An analysis of households in the 10 biggest economies shows that families continue to spend cautiously and have pulled hundreds of billions of dollars out of stocks, cut borrowing for the first time in decades and poured money into savings and bonds that offer puny interest payments, often too low to keep up with inflation.
“It doesn’t take very much to destroy confidence, but it takes an awful lot to build it back,” says Ian Bright, senior economist at ING, a global bank based in Amsterdam.
A flight to safety on such a global scale is unprecedented since the end of World War II.
The implications are huge: Shunning debt and spending less can be good for one family’s finances. When hundreds of millions do it together, it can starve the global economy.
Some of the retrenchment is not surprising: High unemployment in many countries means fewer people with paychecks to spend. However, even people with good jobs and little fear of losing them remain cautious.
“Lehman changed everything,” says Arne Holzhausen, a senior economist at global insurer Allianz, based in Munich. “It’s safety, safety, safety.”
The Associated Press analyzed data showing what consumers did with their money in the five years before the Great Recession began in December 2007 and in the five years that followed, through the end of last year.
The focus was on the world’s 10 biggest economies — the US, China, Japan, Germany, France, the UK, Brazil, Russia, Italy and India — which have half the world’s population and 65 percent of global GDP.
The key findings are as follows:
RETREAT FROM STOCKS
A desire for safety drove people to dump stocks, even as prices rocketed from crisis lows in early 2009. Investors in the top 10 countries pulled US$1.1 trillion from stock mutual funds in the five years after the crisis, or 10 percent of their holdings at the start of that period, according to Lipper Inc, which tracks funds.

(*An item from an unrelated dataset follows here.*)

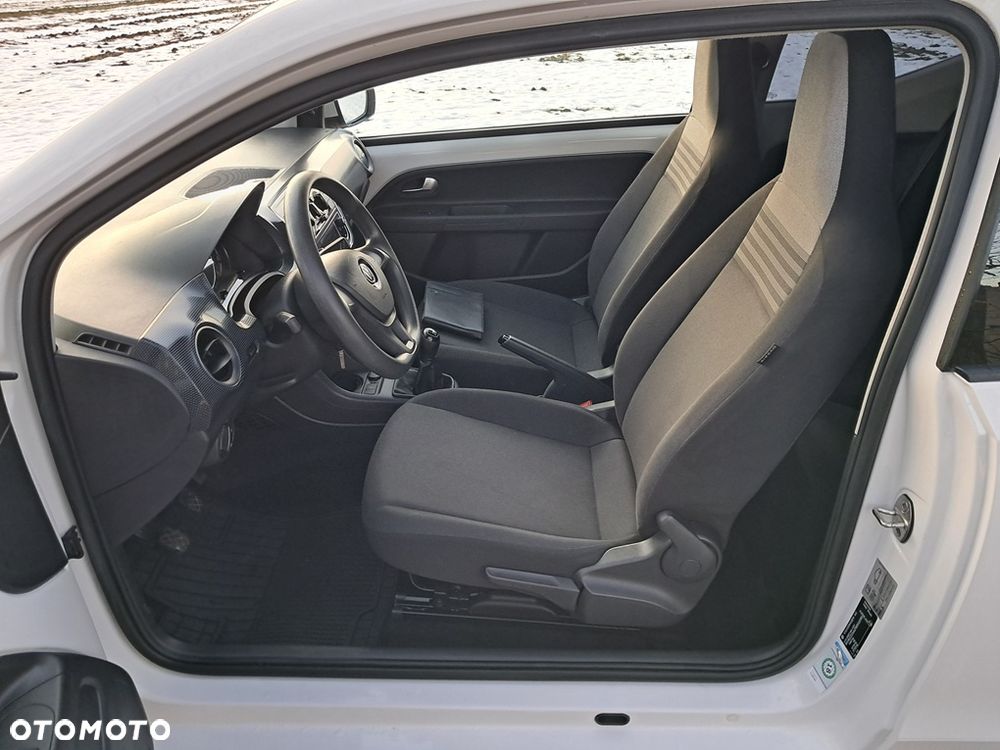 Volkswagen up! Active - 13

They put more even money into bond mutual funds — US$1.3 trillion — even as interest payments on bonds plunged to record lows.
SHUNNING DEBT
In the five years before the crisis, household debt in the 10 countries jumped 34 percent, according to Credit Suisse.
Then the financial crisis hit, and people slammed the brakes on borrowing. Debt per adult in the 10 countries fell 1 percent in the 4 years after 2007.

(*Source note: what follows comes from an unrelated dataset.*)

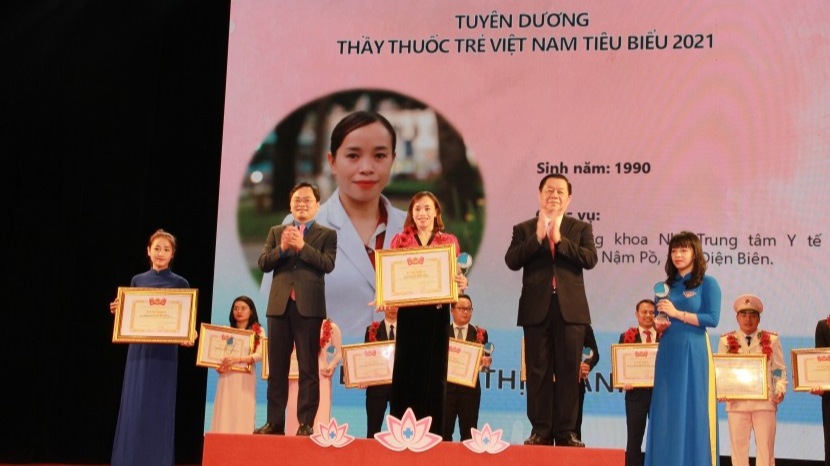 Bác sĩ Lò Thị Thanh Hợp được tuyên dương Thầy thuốc trẻ Việt Nam tiêu biểu năm 2021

Economists say debt has not fallen in sync like that since the end of World War II.
People chose to shed debt even as lenders slashed rates on loans to record lows. In normal times, that would have triggered an avalanche of borrowing.
HOARDING CASH
Looking for safety for their money, households in the six biggest developed economies added US$3.3 trillion, or 15 percent, to their cash holdings in the five years after the crisis, slightly more than they did in the five years before, the Organisation for Economic Co-operation and Development said.
The growth of cash is remarkable because millions more were unemployed, wages grew slowly and people diverted billions to pay down their debts.
SPENDING SLUMP
To cut debt and save more, people have reined in their spending. Adjusting for inflation, global consumer spending rose 1.6 percent a year during the five years after the crisis, according to PricewaterhouseCoopers, an accounting and consulting firm.
That was about half the growth rate before the crisis and only slightly more than the annual growth in population during those years.
Consumer spending is critically important because it accounts for more than 60 percent of GDP.